Galaxy clusters from the DESI Legacy Imaging Surveys -- III. Star-forming fraction of brightest cluster galaxies

TL;DR

This paper studies the evolution of star-forming fractions in Brightest Cluster Galaxies using DESI data, revealing how star formation varies with redshift, mass, and environment, and identifying the mechanisms driving this activity.

Contribution

It provides new insights into the redshift-dependent star formation activity in BCGs and the transition from cooling flows to mergers as dominant processes.

Findings

Star-forming fraction increases with redshift, especially above z~0.5.

F_sf decreases with increasing cluster and galaxy mass.

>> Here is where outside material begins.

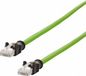 METZ CONNECT 142M2X55010 RJ45 Netwerkkabel, patchkabel CAT 6A S/FTP 1.00 m Groen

Low-mass BCGs have higher F_sf than field galaxies, indicating enhanced star formation.

Abstract

This study investigates the evolution of the star-forming fraction ($F_{\mathrm{sf}}$) of Brightest Cluster Galaxies (BCGs) at $z<0.8$, using the galaxy clusters identified from the Legacy Imaging Surveys from the Dark Energy Spectroscopic Instrument (DESI). Star-forming galaxies are identified using the $g-z$ color, and $F_{\mathrm{sf}}$ is measured as a function of redshift, cluster halo mass, and galaxy stellar mass. Field galaxies are used as a comparison sample to reduce selection effects. For BCGs, $F_{\mathrm{sf}}$ increases with redshift, showing a slow rise below $z \sim 0.4 - 0.5$ and a more rapid increase above this range. In contrast, $F_{\mathrm{sf}}$ decreases with increasing cluster halo mass and BCG stellar mass. At the low stellar mass end, BCGs exhibit higher star-forming fractions than field galaxies, suggesting enhanced star formation likely fueled by cold gas accretion from the intracluster medium. Also, star-forming BCGs tend to show larger projected offsets from the optical cluster density peak than quenching BCGs, indicating ongoing assembly. The analysis of the specific star formation rate (sSFR) further indicates a transition in the dominant mechanism driving star formation in BCGs: cooling flows are likely responsible at low redshift, while gas-rich mergers play a greater role at higher redshift. The shift in dominance occurs around $z \sim 0.5$, aligning with the steep rise in $F_{\mathrm{sf}}$ of BCG.